Sri Lanka’s Cabinet of Ministers has approved the proposal for the restructuring of international sovereign bonds by way of swapping existing bonds for new bonds in accordance with the parameters indicated in the debt sustainability analysis conducted by the International Monetary Fund (IMF).
In June, the Government of Sri Lanka reached a final agreement on a debt restructuring with members of the Official Creditor Committee (OCC) of major bilateral lenders.
In September, an agreement in principle was reached with international bondholders on a sovereign debt restructuring of approximately $ 14.2 billion in principle, following consensus discussions with the AdHoc Bond Holders, a group of international investors representing sovereign bondholders, and the Local Consortium of Sri Lanka.
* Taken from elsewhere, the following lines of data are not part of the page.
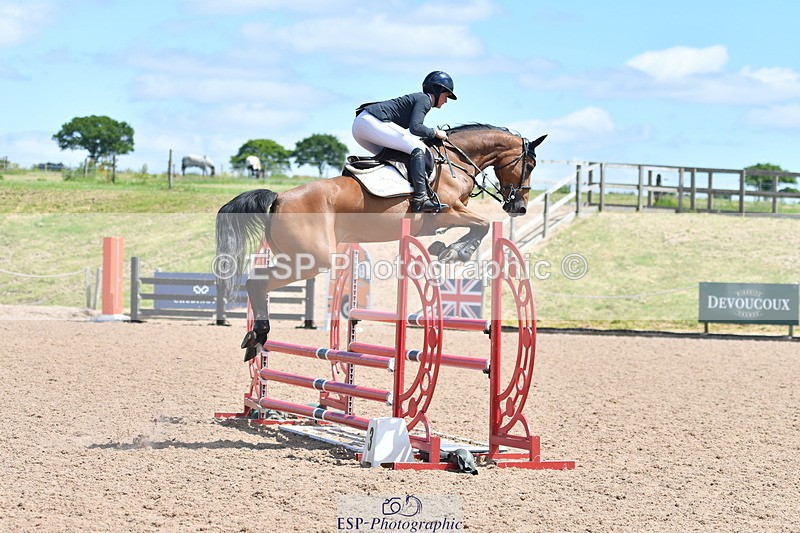 240609A-122550-05157 - Cls 18 Snr Newcomers and 1.10m Open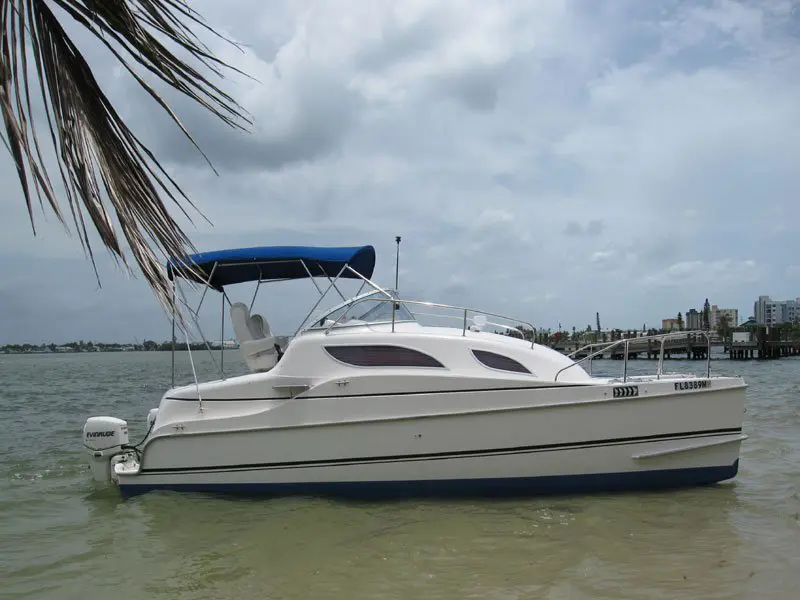 Used Power Catamaran for Sale 2003 MC-30 Boat Highlights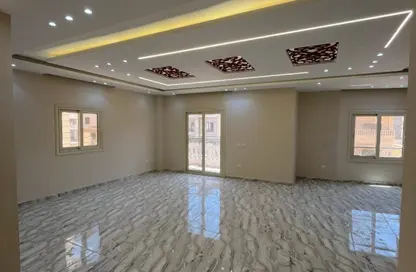 Apartment - 4 Bedrooms - 3 Bathrooms for rent in El Koronfel - The 5th Settlement - New Cairo City - Cairo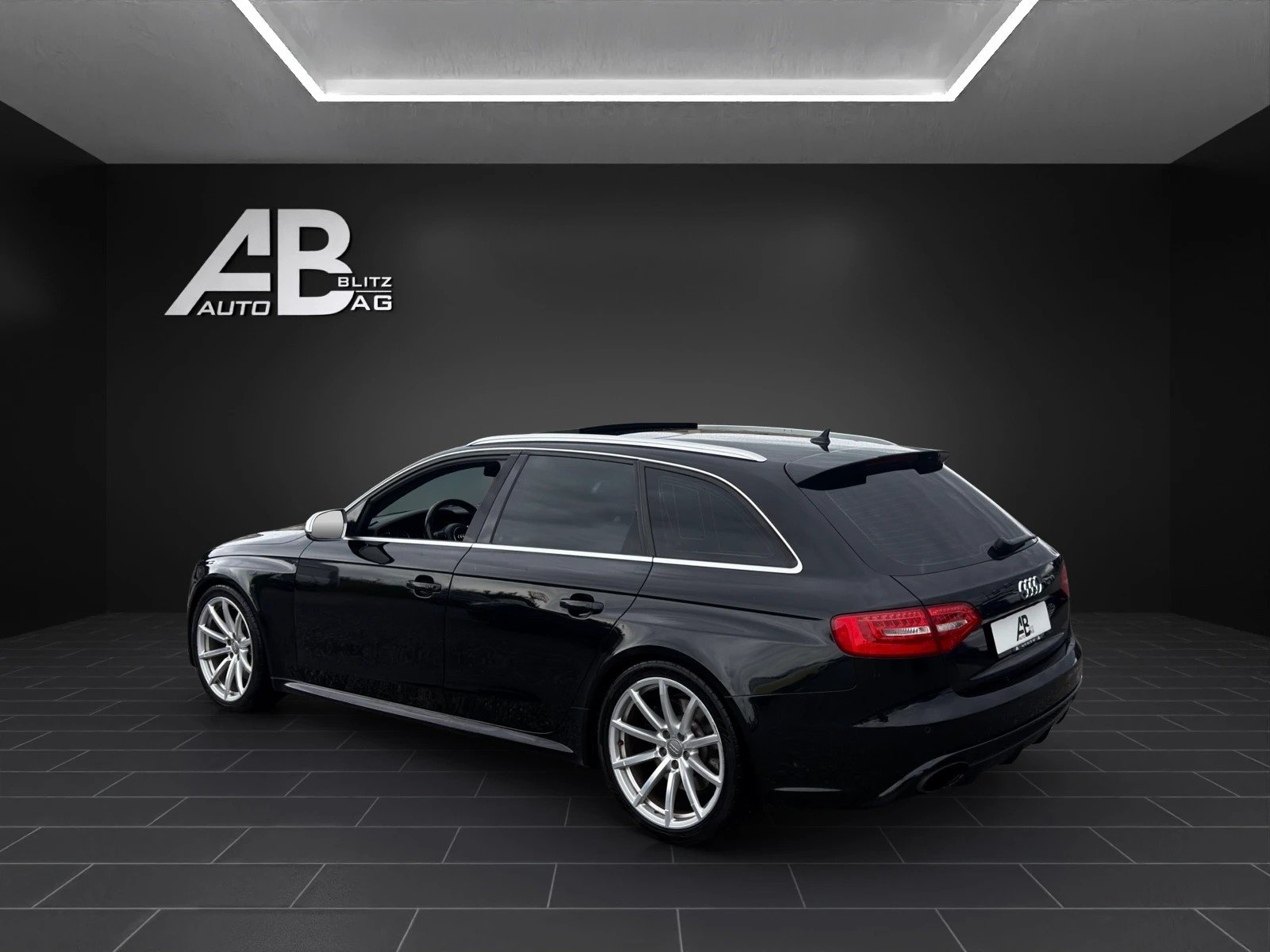 AUDI RS4 Avant 4.2 FSI V8 quattro S-tronic, Benzina, Occasioni / Usate, Automatico - 3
Accordingly, the Cabinet approval has been granted for the proposal presented by President Anura Kumara Dissanayake for the restructuring of international sovereign bonds by way of swapping existing bonds for new bonds following an analysis conducted by the financial and legal advisors of the Government of Sri Lanka on the impact on the Sri Lankan economy.
The analysis takes into account the composition of Sri Lanka’s international sovereign debt, investors and settlements, and in accordance with the parameters indicated in the debt sustainability analysis conducted by the IMF under the provisions of the Extended Fund Facility (EFF) programme for Sri Lanka.